特許明細書には、金銭の出入りを記録するだけでなく、ドライクリーニングの行程で衣類の移動を追跡するシステムが記載されていたからです。
原告は、この判決を控訴し、連邦巡回裁判所は、原判決を支持しました。この事件では、クレームの解釈は、陪審イシュー(憲法修正第7条により陪審審理が保障された事柄)であるのか、それとも裁判所の専権事項であるのかが問題となっていました。
最高裁判所は、原告による上告を許可しました。
[最高裁判所の判断]
(a)憲法修正第7条の陪審によるトライアルを受ける権利は、前記憲法の修正案が採用された時点でイギリスのコモンローから引き継いだものである。
Baltimore & Carolina Line, Inc. v. Redman, 295 U.S. 654, 657.
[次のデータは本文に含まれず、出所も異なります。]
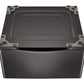Lg WDP4B Laundry Pedestal - Black Steel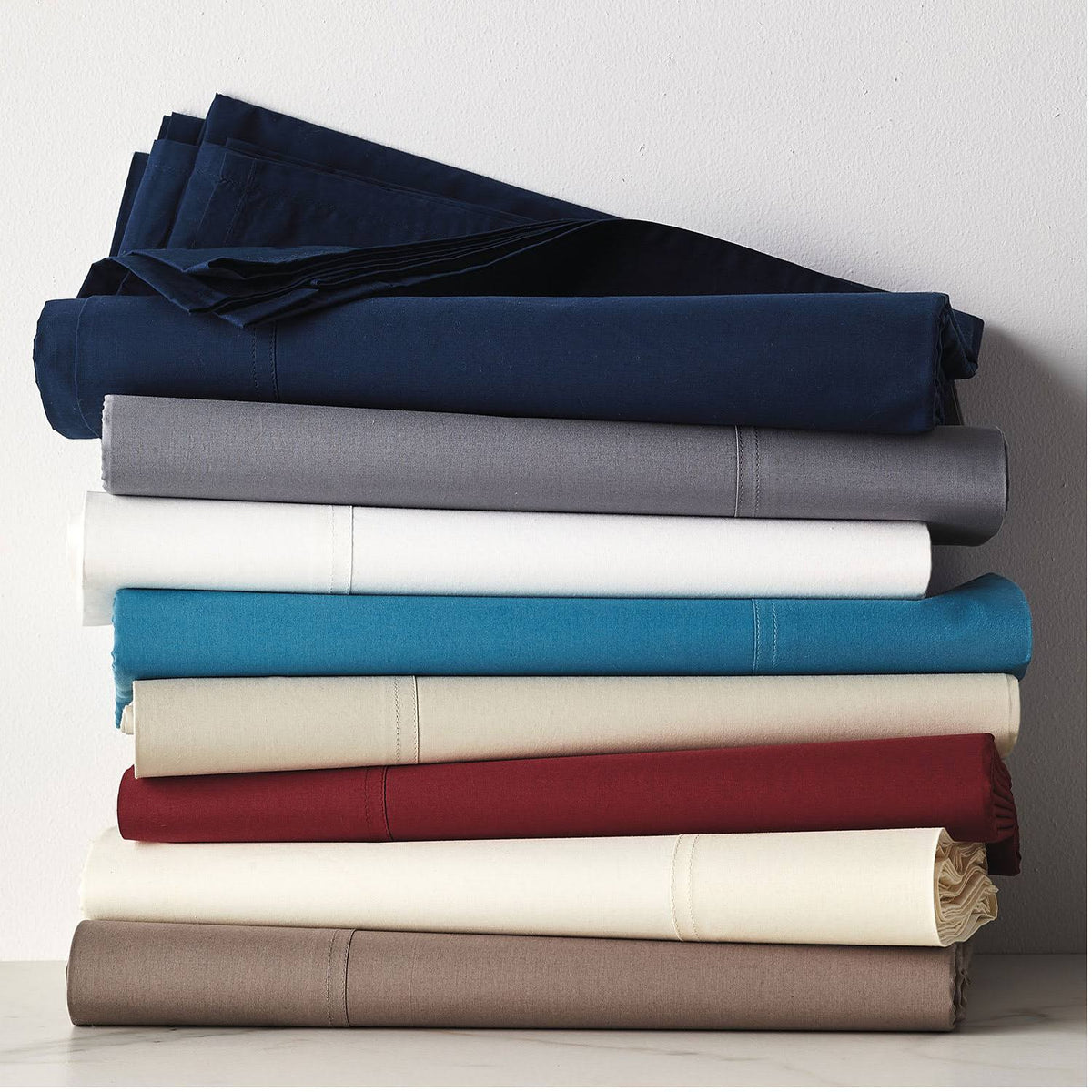 White King Supima Cotton Percale Flat Sheet T91888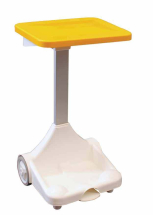 Plastic Sack Holder Free Stand with Pedal Yellow Lid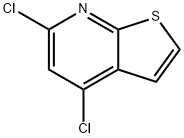 4,6-DICHLOROTHIENO[2,3-B]PYRIDINE Structure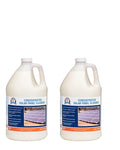 BareGround Solutions 1 Shot 1S-CSPC Glass & Solar Panel Cleaner Concentrate,Remove Oils,Fingerprints & Water Spots,Pro Streak-Free Ultra Quick Dry, Remove Dirt- Dust -Makes 32 Gallons,1 Gallon-2 PACK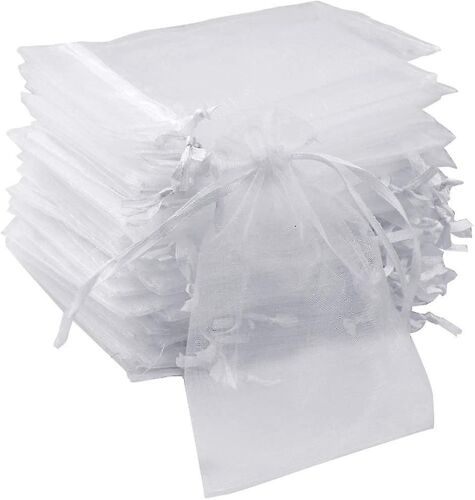 50pcs Organza Bags-mix Couleur 3.54 ''x4.33''(9x11cm) Satin Cordon de Serrant Organza Pochette Mariage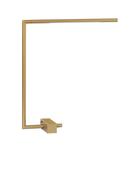 RACCIO Gold Metal &amp; Acrylic LED 6.8 Watt 230 Volt 280Lm 3000K IP20 L: 36.5 W: 12 H: 40 cm image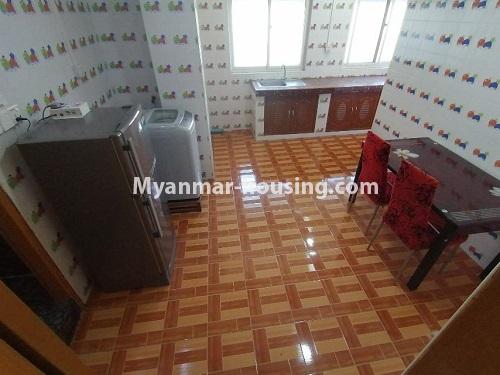 Myanmar real estate - for rent property - No.4706 - Furnished 1 BHK condominium room for rent in Sanchaung! - another view of kitchen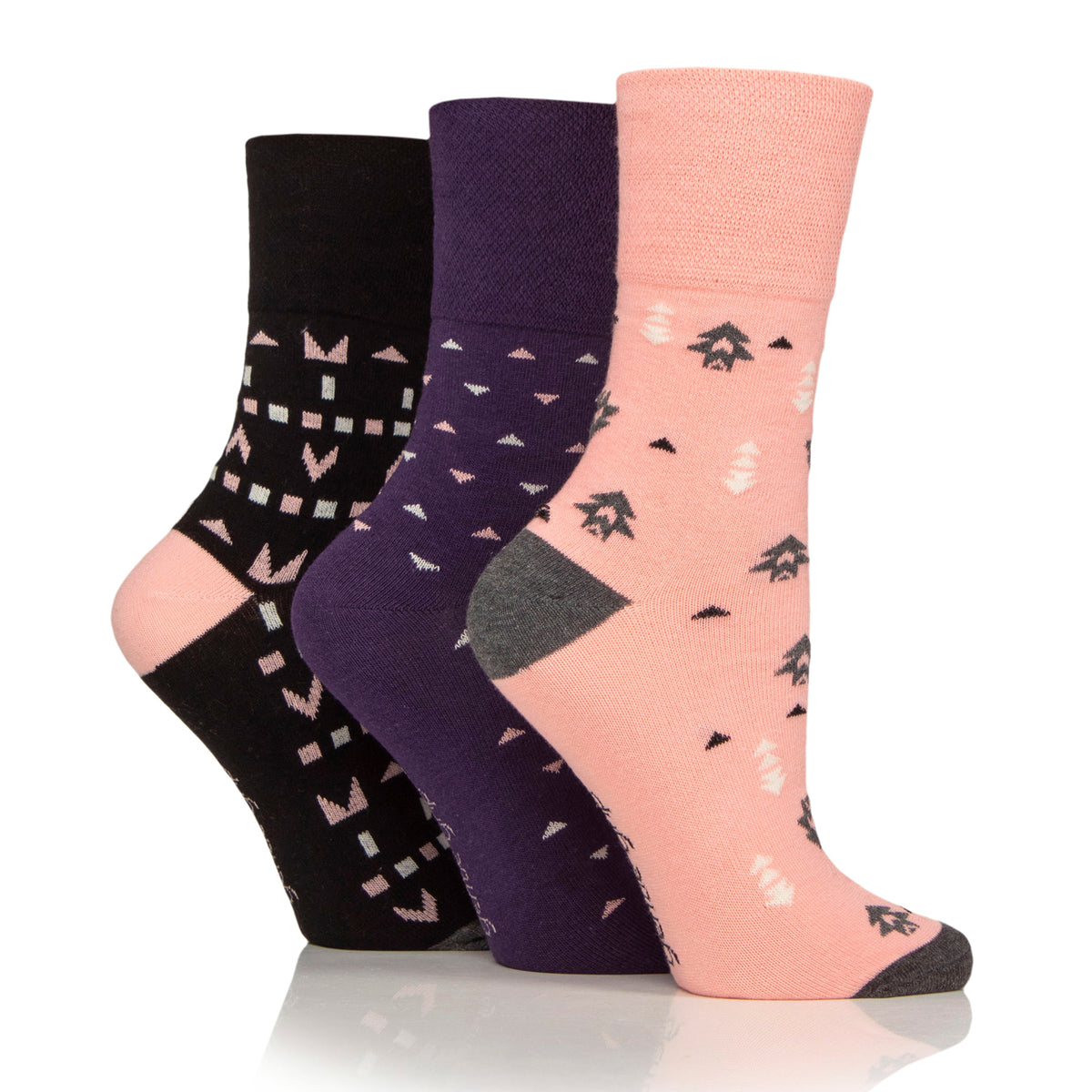 3 Pairs Ladies Cotton Socks - Bazaar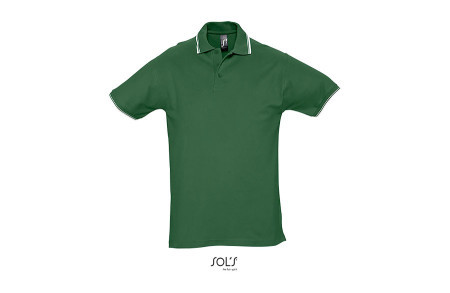 SOL&#039;S Practice muška polo majica sa kratkim rukavima Tamno zelena XXL ( 311.365.45.XXL ) - Img 1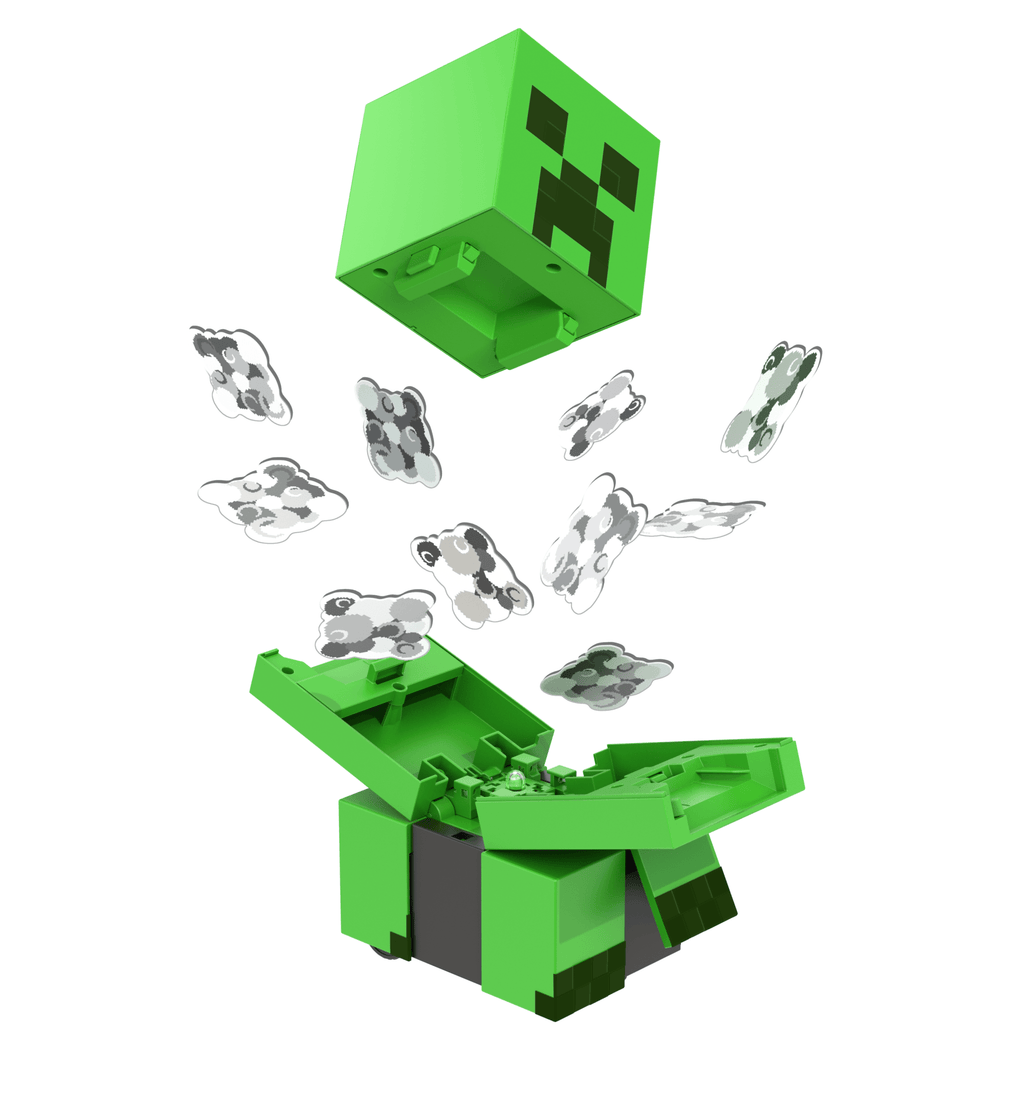 Minecraft Creeper Explosif Télécommandé, Lumières, Sons, Code de Contenu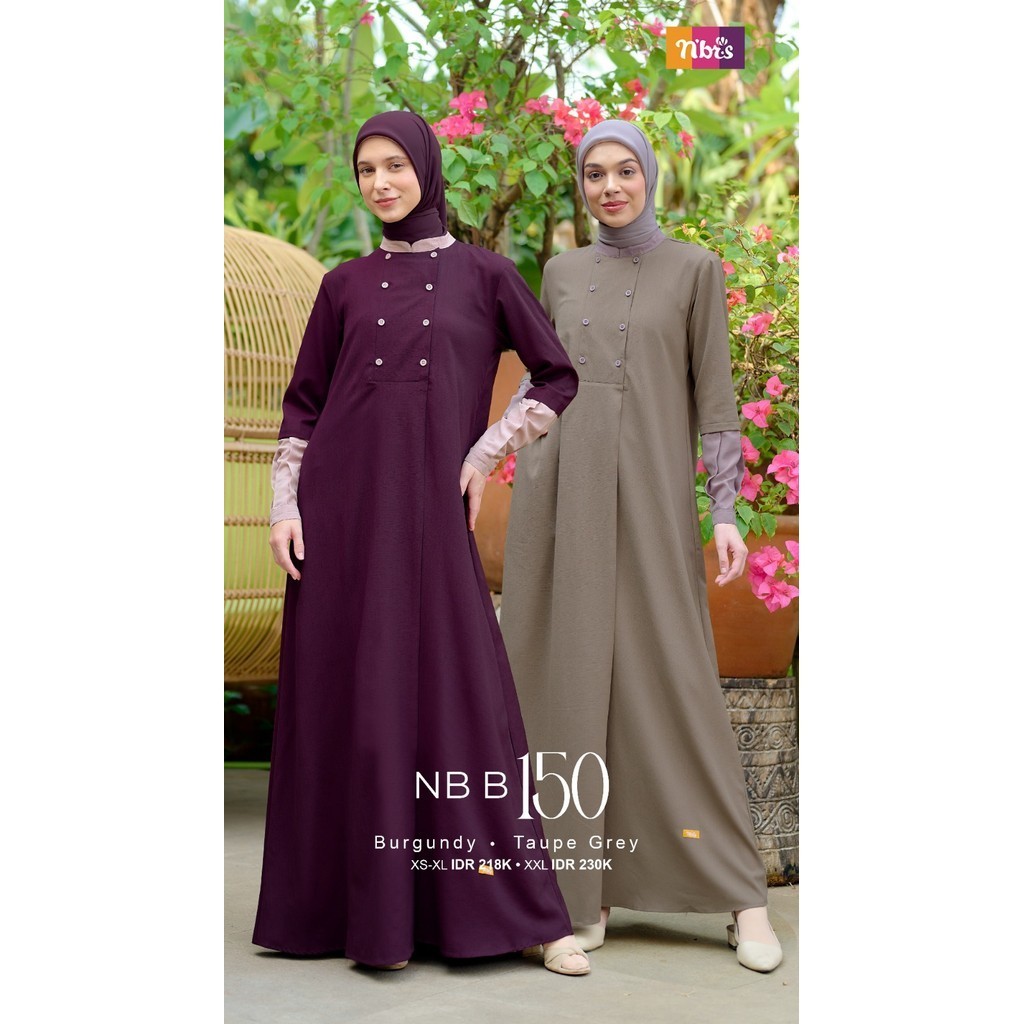 [N'BRS] NB B150 Gamis Nibras Terbaru 2024 Dress Original Nibras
従って当裁判所は、この問題に関して、建国(Founding)の時点で侵害訴訟がコモンロー上で審理されていたか(tried at
law)どうか、或いは、コモンロー上で審理されていた対象と訴因(cause of action)において類似していたかどうかを問う。
今日では、侵害訴訟が陪審の前で審理されることに議論の余地はない。この点に関しては、2世紀以上前から先例(predecessors)がある。
この結論により生ずる第2の問いは、特定のイシュー、すなわち、特許クレームの解釈(construction)が陪審イシューであるかどうかである。この問いに答えるためには、現在の法律プラクティスを史料(historical
sources)と比較しなければならない。
ぴったりの前例(exact
antecedent)がコモンロー中に存在しない場合には、判事又は陪審のどちらに割り当てられたのかが知られている最も初期のプラクティスと、現在のプラクティスとを比較するべきである。
そして新旧の事例のうちの最もよい類似例を探すのである。
(b)現在のクレーム解釈(construction)に対する直接の前例は前記史料に存在しない。
現在のクレーム解釈に最も近い18世紀の事例は、発明を記述した特許明細書の解釈(construction)のようである。
イギリス及び米国の裁判所の初期の特許のケースでは、陪審ではなく判事が明細書中の用語を解釈(construe)していた。
故にMarkmanの主張はこの時期のオーソリティによってサポートされていない。
その主張とは、たとえ特許の殆どの用語を解釈すること(construe)が判事の役割であるとしても、明細書中の技術用語を定義する(defining)という仕事は陪審の職分であるべきである、というものである。
このように〜(Framing)の時点でのコモンロー上のプラクティスの証拠であって、憲法修正第7条の陪審裁判の保証を特許クレームの解釈(construction)に適用することに関与(entail)するものは見当たらない。
従って当裁判所は、その意味の決定を陪審又は判事のどちらかに割り当てることを特徴づける(charactering)別の観点を見つけなければならない。
実現する先例、判事及び陪審の間の相対的な理解のスキル(interpretive
skill)、制定法のポリシーのいずれの観点からも、解釈(construction)のイシューを法廷に委ねることが有利である。かつての特許実務家であったカーティス判事は、特許訴訟の第1の問題として、特許を解釈すること(construing)は法律問題であり、法廷によって決定されるべきであると述べている。
これに対して、第2の問題である、特許の侵害があったかどうかは、陪審の決定に委ねられるべき事実問題である。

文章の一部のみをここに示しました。